RECORDED DATA below:
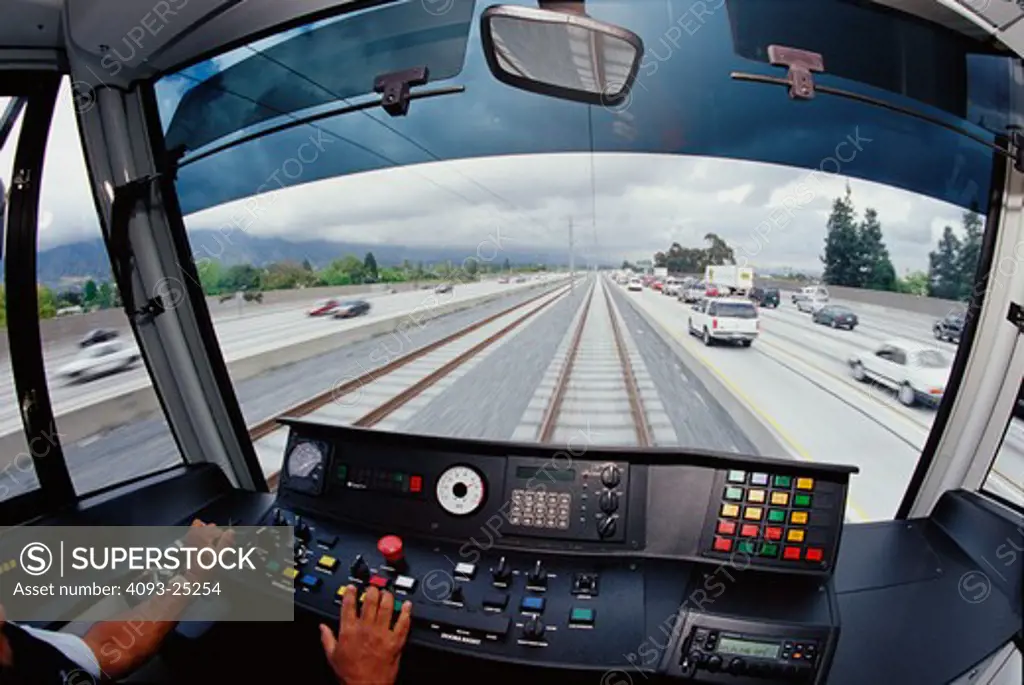 View from a MTA Gold Line Car as it speeds in-between the lanes of Interstate Highway 210 in Pasadena  California toward its terminal station in downtown Los Angeles. The route of this line was rebuilt upon the old Atchison  Topeka and Santa Fe railroads right of way that ran from Los Angeles to San Bernardino. 4-30-03.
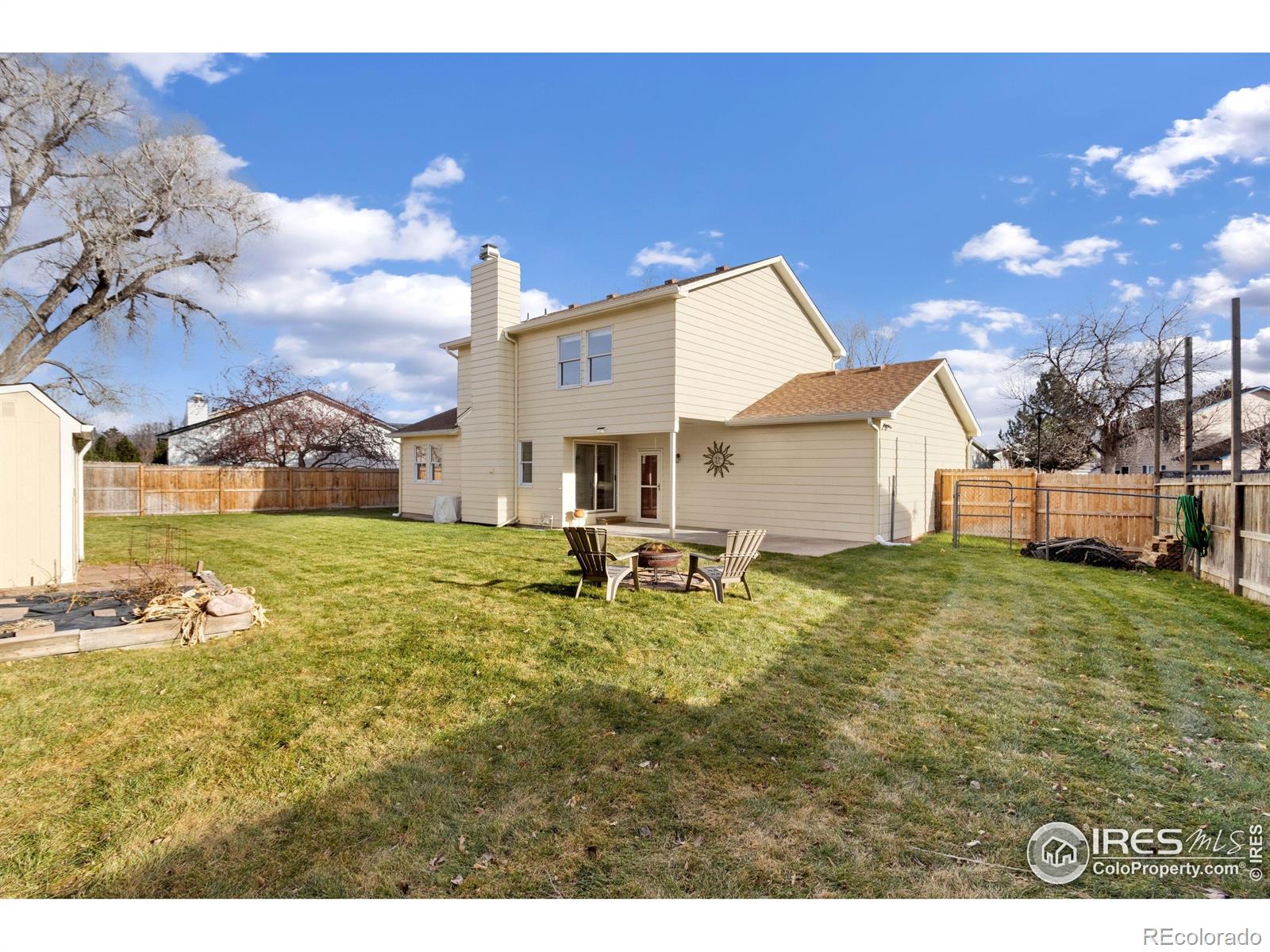 3367 Dudley Way Fort Collins, CO 80526 - Photo 22 of 29 a backyard of a house with table and chairs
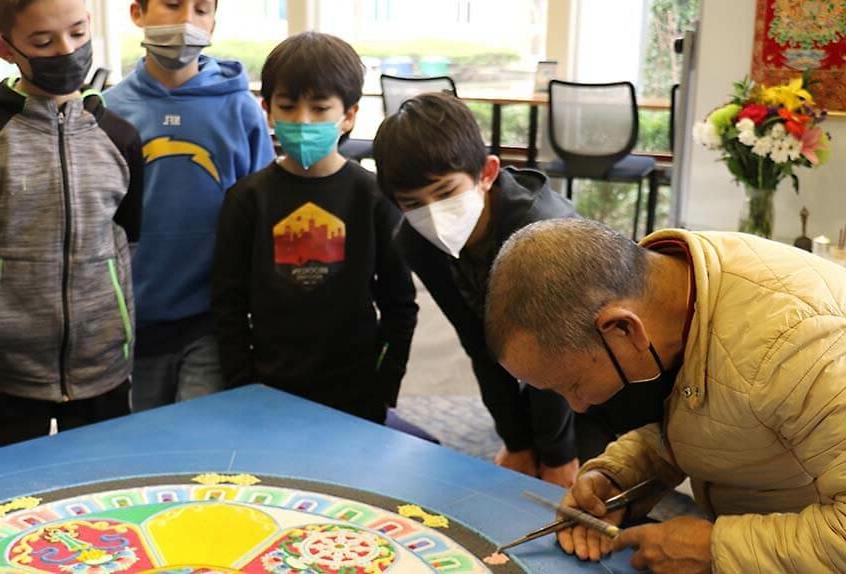 Lama Tenzin working on mandala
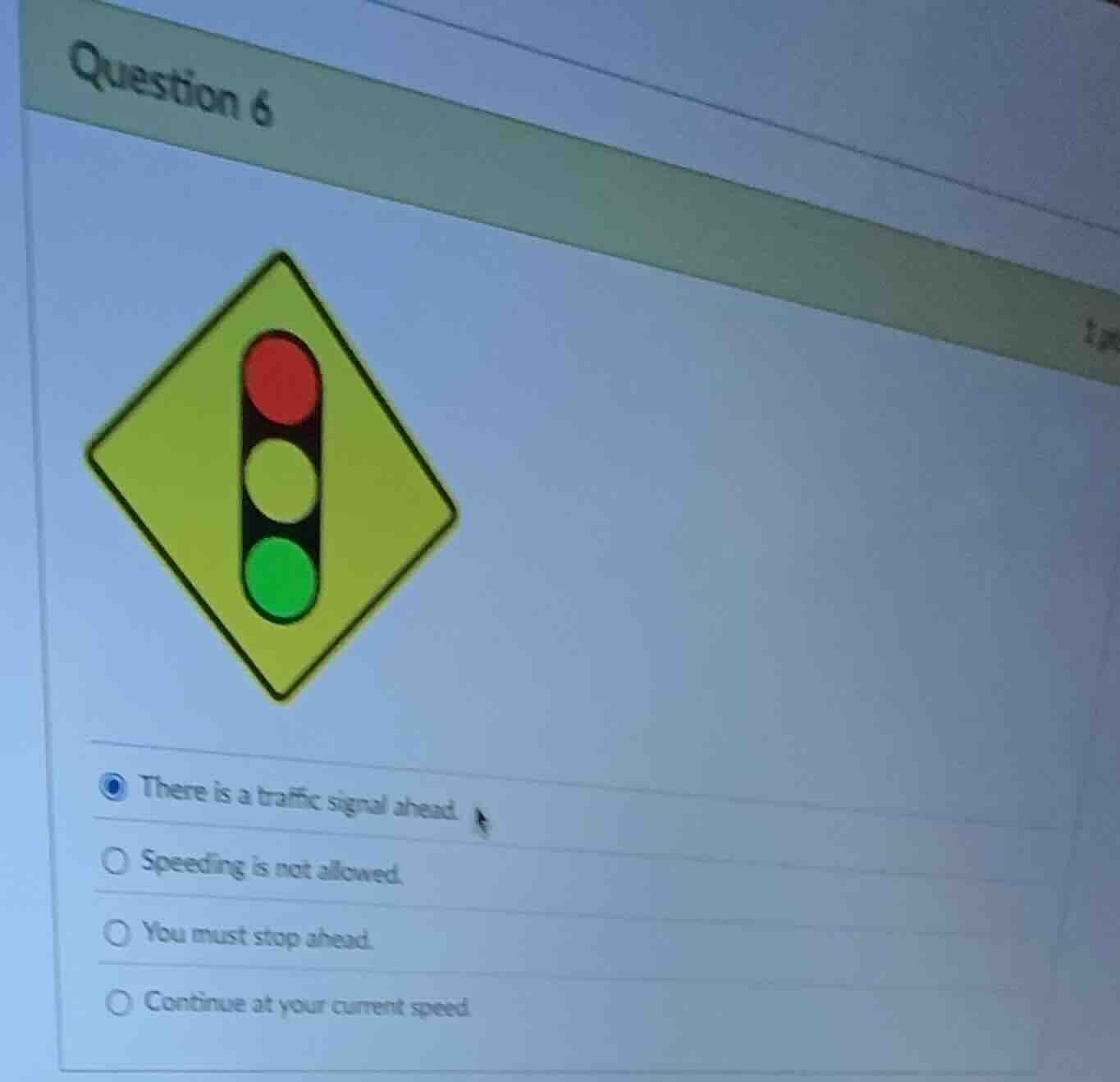 question 6 there is a traffic signal ahead. speeding is not allowed. yo…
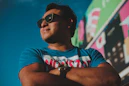 a man wearing sunglasses standing in front of a wall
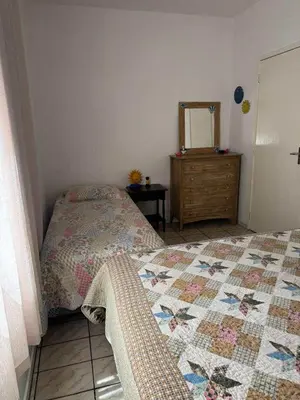 Uma cama ou camas num quarto em Minha Casa Palmas 2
End of RECORDED DATA.
# TASK INSTRUCTIONS
Would you set down the listing exactly, omitting pictures?

# RESULT OF THE EXERCISE
 View from a MTA Gold Line Car as it speeds in-between the lanes of Interstate Highway 210 in Pasadena  California toward its terminal station in downtown Los Angeles. The route of this line was rebuilt upon the old Atchison  Topeka and Santa Fe railroads right of way that ran from Los Angeles to San Bernardino. 4-30-03.
 3367 Dudley Way Fort Collins, CO 80526 - Photo 22 of 29 a backyard of a house with table and chairs
 Lama Tenzin working on mandala
 question 6 there is a traffic signal ahead. speeding is not allowed. yo…
 a man wearing sunglasses standing in front of a wall
 Uma cama ou camas num quarto em Minha Casa Palmas 2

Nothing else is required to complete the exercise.